We think that in order to account for the lower resistance in our model's jugular tube (1 mmHg l^–1 min^–1) compared to that in a giraffe's jugular vein (6 mmHg l^–1min^–1) another factor is important. This factor is the viscosity of blood. Blood is four times more viscous than water and,therefore, from Poiseuille's equation, will offer higher resistance to flow. Thus tissue pressure, perhaps arising from inflexible skin, in addition to blood viscosity, are the most probable sources of jugular resistance in giraffe and are sufficient to create the inverse positive pressures found in them.
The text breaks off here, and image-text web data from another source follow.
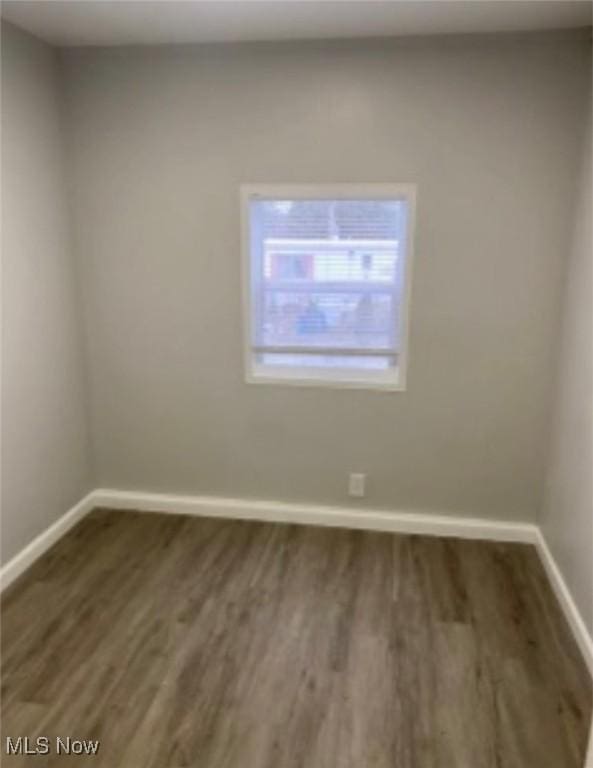 spare room featuring dark wood-style floors and baseboards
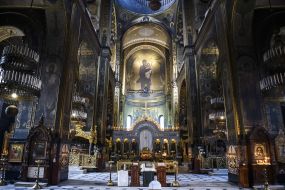 Believer puts a candle on a candlestick
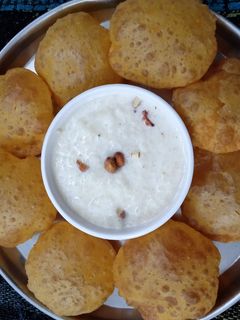 ખીર - પૂરી (Kheer Puri Recipe In Gujarati) રેસીપી મુખ્ય ફોટો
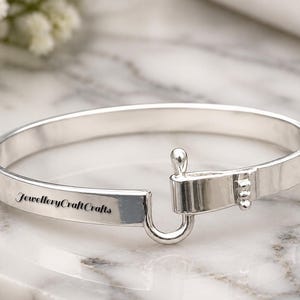Könnte beinhalten: Ein silbernes Armband mit Hakenverschluss. Auf dem Armband steht "JewelleryCraftCrafts". Das Schmuckstück wird auf einer Marmoroberfläche präsentiert. Der Umfang beträgt ca. 18 cm.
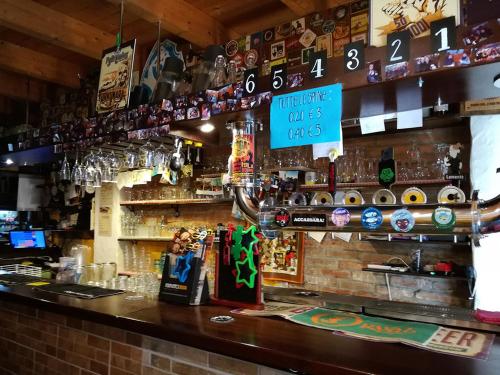 a bar with a sign that reads think out of trips at Bobo’s Home in Iglesias
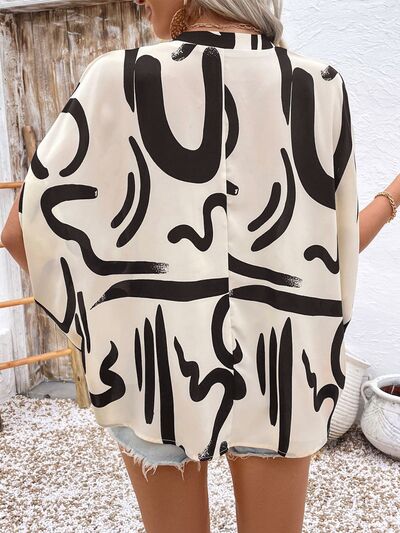 Perfee Printed Notched Half Sleeve Blouse.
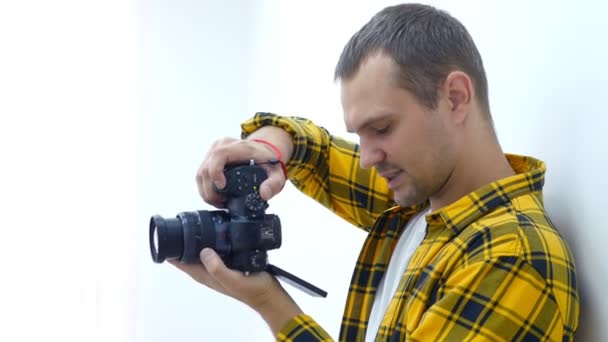 Joven guapo con una camisa amarilla a cuadros, fotógrafo profesional sosteniendo una cámara toma fotos. Fotógrafo en el trabajo . — Vídeos de Stock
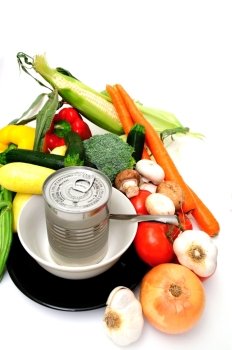 Vegetables for vegetable soup including carrot, bell pepper, broccoli, mushroom, squash, garlic, tomatoes or a can of store bought canned soup served in a white bowl on a black saucer. Fresh Or Canned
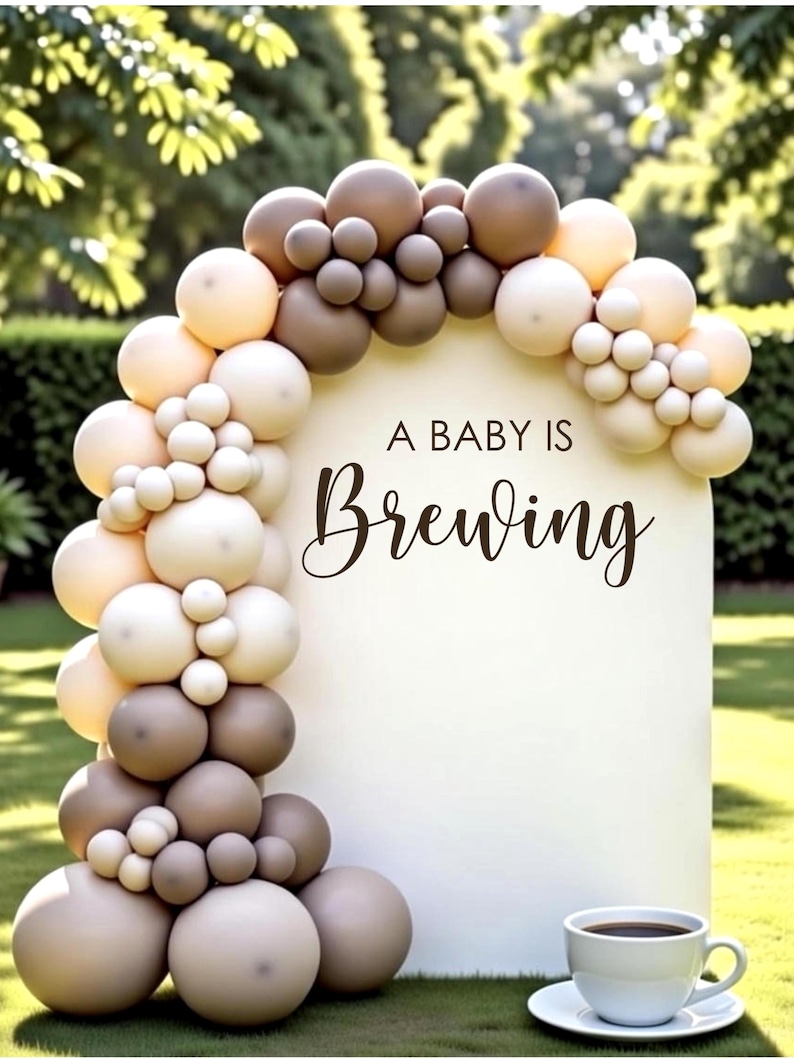 May include: A white sign with the text "A BABY IS Brewing" is surrounded by a balloon arch in shades of brown and cream. A white teacup and saucer sit on the grass in front of the sign. The background is a green lawn and foliage.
In summary our data combined with those from other studies have established that giraffe mean arterial (heart) pressure is a consequence of a baroreceptor-regulated mechanism that results in the generation of sufficient hydrostatic pressure to overcome gravitational effects, and to supply the head with blood at a pressure of ∼100 mmHg. No siphon effect is needed. The counter-gravitational, positive, jugular venous pressures found in giraffes are a consequence of viscous resistance resulting from a combination of blood viscosity and tissue pressure.

We thank Joe Bobbitt, Gus Petroski and Steve DeVries of the Red Buttes Environmental Research Laboratory, Laramie, Wyoming, for building the model,and Pax Harness, Peter Kamerman and Jeanette Mitchell for help with data collection. We also thank Prof Roger Seymour and an anonymous reviewer for comments that helped improve the manuscript. Funding for this project was provided by the University of Wyoming.